India has denied this is a blockade, and the international community is conspicuously quiet, wary of antagonising New Delhi. There is a near blackout on news about the Nepal blockade in the Indian press, and this does not seem important enough for the international media.
But even Indian customs officials at the border are not trying to hide it anymore. This is an out and out blockade, let’s call it what it is.
In Kathmandu talks have begun with Madhesi dissenters. Two meetings have been held and a third round is scheduled for Friday.
Law Minister Narhari Acharya has registered the first amendment bill of Nepal’s new constitution to address two major demands of Madhesi parties: proportional representation and demarcation of election constituencies in proportion to population in the Tarai.
A parliamentary session is also scheduled for Friday to elect a new Prime Minister.
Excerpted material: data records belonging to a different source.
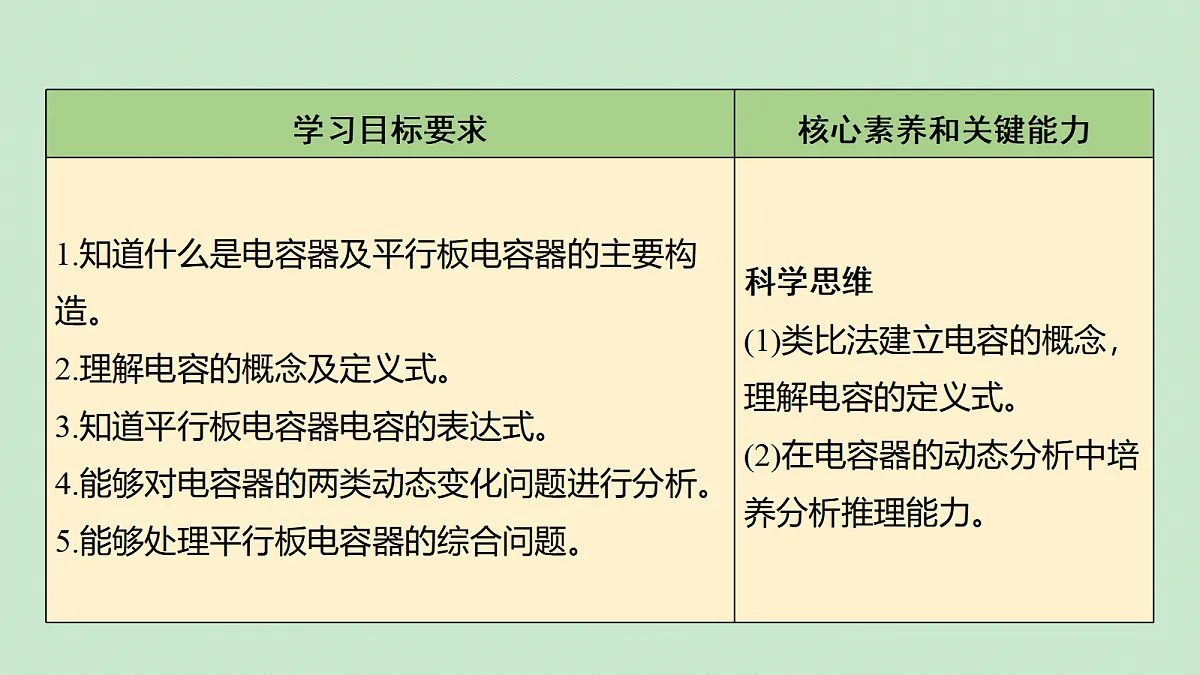 18052926第2页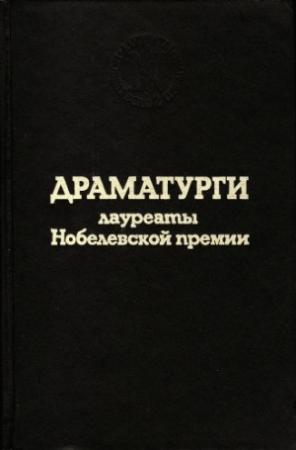 Обложка книги «Речь по случаю вручения Нобелевской премии» — Юджин О'Нил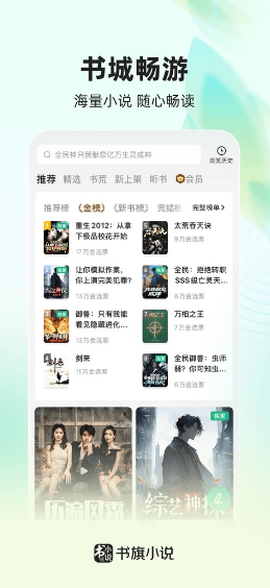 书旗小说纯净版[图2]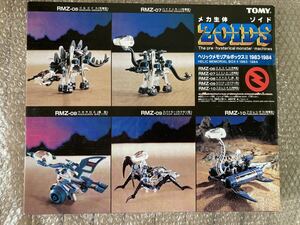 【未開封】 ZOIDS メカ生体 ゾイド ヘリックメモリアルボックス II 1983-1984 トミー TOMY タカラトミー TAKARA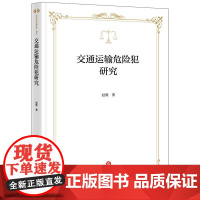 2025新书 交通运输危险犯研究 赵微 著 法律出版社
But it looks impossible to secure consensus of all parties on any one name.
Therefore, Parliament will begin the process to form a majority government. The UML has already proposed its Chair KP Oli as prime minister with the backing of the UCPN(M). Even if NC does not abide by its deal with the UML, Oli is hoping to be elected with the backing of fringe parties.
What Nepal now needs is a unity government capable of implementing the new constitution, ensuring political stability and expediting economic development. But before all that, dousing the fire in the Tarai and easing supply of essential commodities before Dasain is what all Nepalis want right now.